Sugestão de Nise
Há uns meses atrás, o António Valério pediu-me para eu escrever alguma coisa sobre o Canto Gregoriano. Comecei a escrever… mas depressa abandonei aquilo que tinha começado. Já existem tantas introduções ao Canto Gregoriano que a minha não traria nada de novo. Toda a gente sabe mais ou menos o que é o Canto Gregoriano, e a internet pode ser uma preciosa ajuda para quem quer aprofundar estes e outros temas. Também não queria entrar em polémicas nem em contrastes ideológicos que, quando se trata de uma realidade mística e sagrada como a Liturgia, só nos podem fazer mal. Tenho a firme convicção de que fazer da Liturgia uma questão ideológica, de esquerda ou de direita, conservadora ou progressista, é uma profanação. Não nos podemos esquecer que a Liturgia é de ordem mística. É dom de Deus para nos tocar de salvação… e o Canto Gregoriano não é um absoluto.

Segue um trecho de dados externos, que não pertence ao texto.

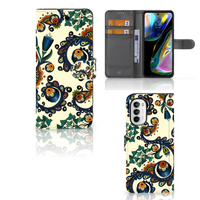 Wallet Case Motorola Moto G52 | Moto G82 Barok Flower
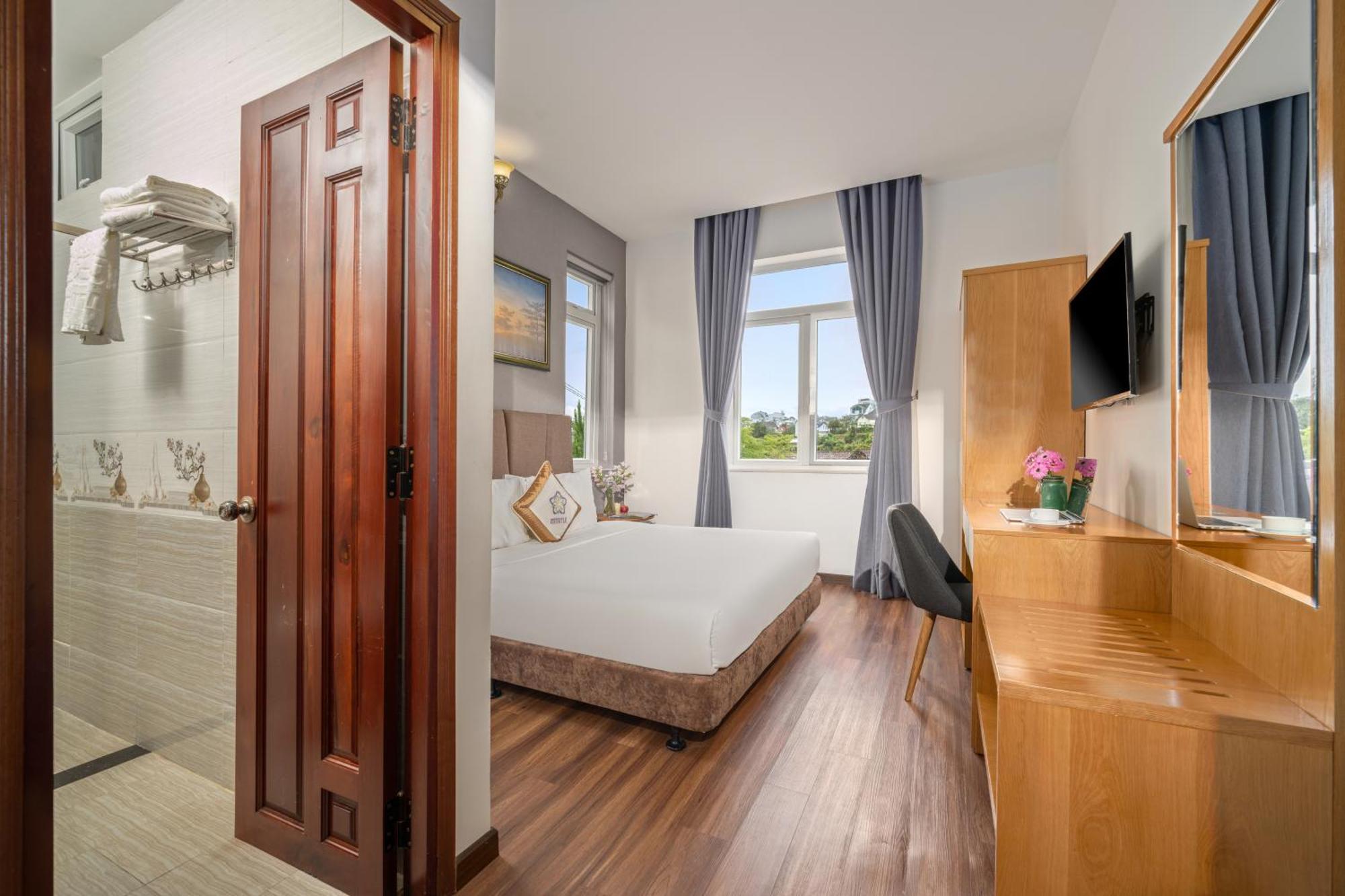 Myrtle Boutique Hotel Dalat Bagian luar foto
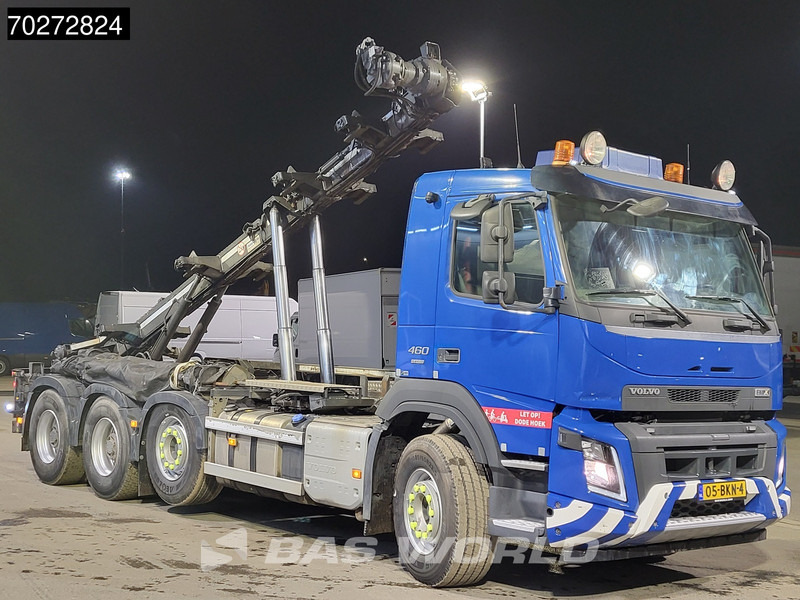 Volvo FMX 460 8X4 NL-Truck 28 Tonnes TRANS-COM VEB+ Lift-Lenkachse Euro 6 - Camion ampliroll: photos 3 Volvo FMX 460 8X4 NL-Truck 28 Tonnes TRANS-COM VEB+ Lift-Lenkachse Euro 6 - Camion ampliroll: photos 3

Por isso escrevo algo muito diferente… pessoal… uma experiência de vida e da Vida, onde também entra o Canto Gregoriano.
Era a Noite de Natal. Começava a celebração na Basílica de S.Pedro no Vaticano presidida pelo Papa. O toque de Deus atingiu-nos logo desde o primeiro momento da celebração (para não falar da preparação…). Em vez de uma esfusiante canção natalícia de centro comercial, fomos envolvidos por palavras sagradas, que se exprimiam num música interior, profunda, expressiva, contida, sóbria e comovente. Era a tradicional antífona de entrada da Noite de Natal em Canto Gregoriano: Dominus dixid ad me: Filius meus es tu. Hodie genui te (O Senhor disse-me: tu és meu Filho. Eu gerei-te hoje)…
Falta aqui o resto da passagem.